Unanswered question number two: was the Diallo trial moved to avoid a Bronx jury or a certain black judge?

Now let’s return to Queens and the Sean Bell case, where two detectives are charged with manslaughter, a third with reckless endangerment. Here, we are in the Second Judicial Department.

The Second Department has its own rules. Unlike the First Department, past practice has been to begin selecting a jury before making a decision on whether to change the venue.

As Queens Boulevard’s eminent legal mind, Marvyn Kornberg, put it, “In the Second Department, you make your [change of venue] motion but they do not decide it until you try to pick a jury and show them you can’t.”

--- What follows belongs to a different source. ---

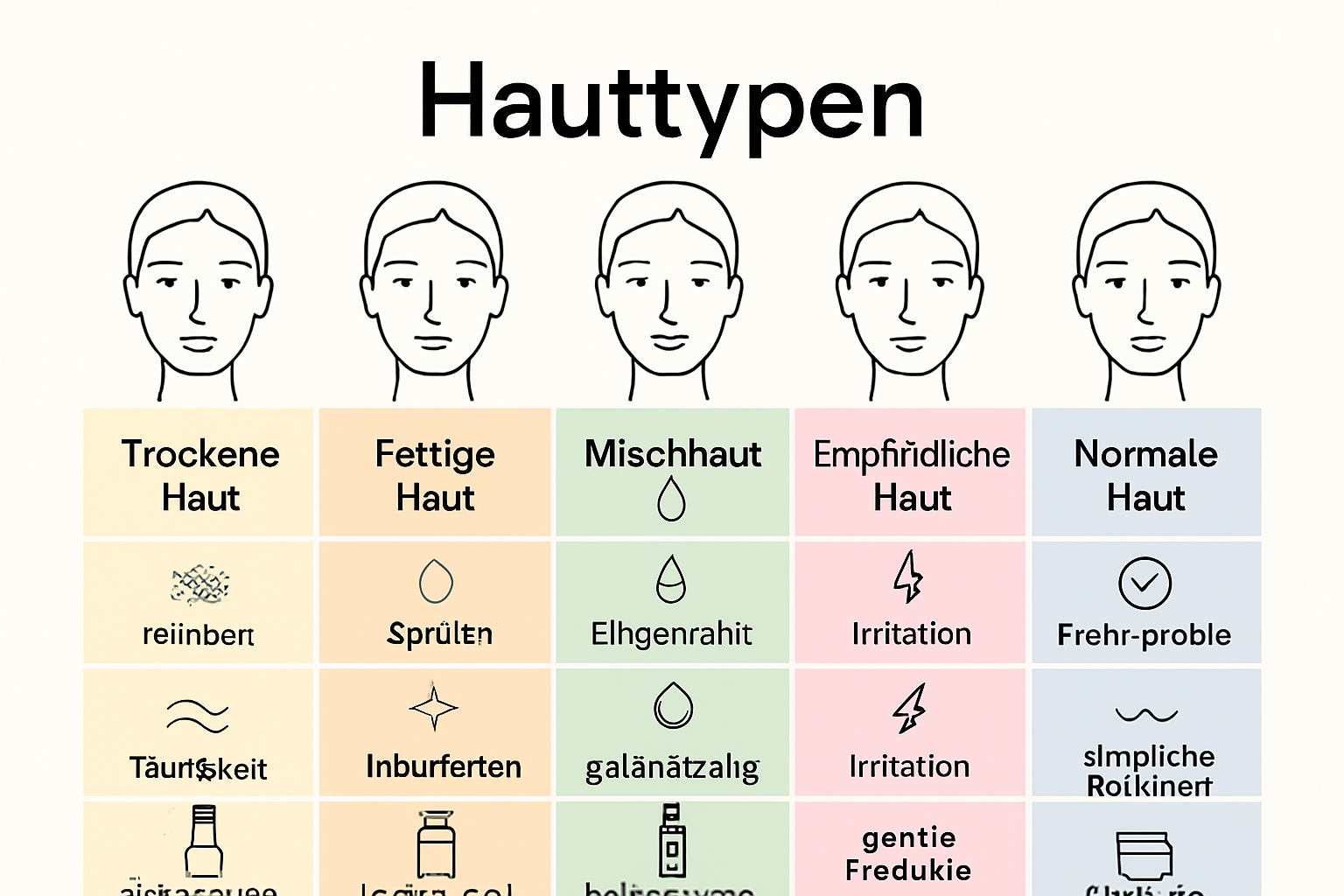 Infographic visualizing five main skin types and care tips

There are other differences. The pre-trial publicity in the Bell case does not approach Diallo’s. Yes, Mayor Michael Bloomberg’s initial public astonishment at the number of bullets fired at Bell was prejudicial, and yes, Sharpton has been Sharpton. But after Queens D.A. Richard Brown warned him that making too much of a ruckus could cause the very change of venue Sharpton opposes, The Rev. backed off some.

Then there is the assignment of the judge, Arthur Cooperman. He does not have Williams’s baggage. Even the detectives’ union considers him middle-of-the-road.

Finally, there are the intangibles, which suggest the case will remain in Queens. A courtroom — closed for the past few months — has just undergone a $150,000 renovation for the trial.

More importantly, D.A. Brown served for ten years on the same appellate court that will make the change-of-venue decision. As Roberts’s success in the Diallo case might indicate, when it comes to the state judiciary, never underestimate the value of cronyism.


No Scrooges at Intel.
Guess who’s helping finance that famous Intel Christmas party that nobody wanted to attend, which was finally held last Thursday? City taxpayers. Sources say Intel officials offered the inducement of two paid overtime hours to off-set the $75-a-head party fee. Poor Deputy Commissioner of Intelligence David Cohen. Is he so unpopular that’s the only way guys will come to his party?


The Big Sleeper
. Why did Assistant Chief John Colgan want to avoid taking a physical when he rejoined the department after a year’s absence when his rabbi, Joseph Wuensch, returned as Police Commissioner Ray Kelly’s Chief of Staff? If you’re gone for a year, you have to take the physical before you return. Why didn’t Colgan?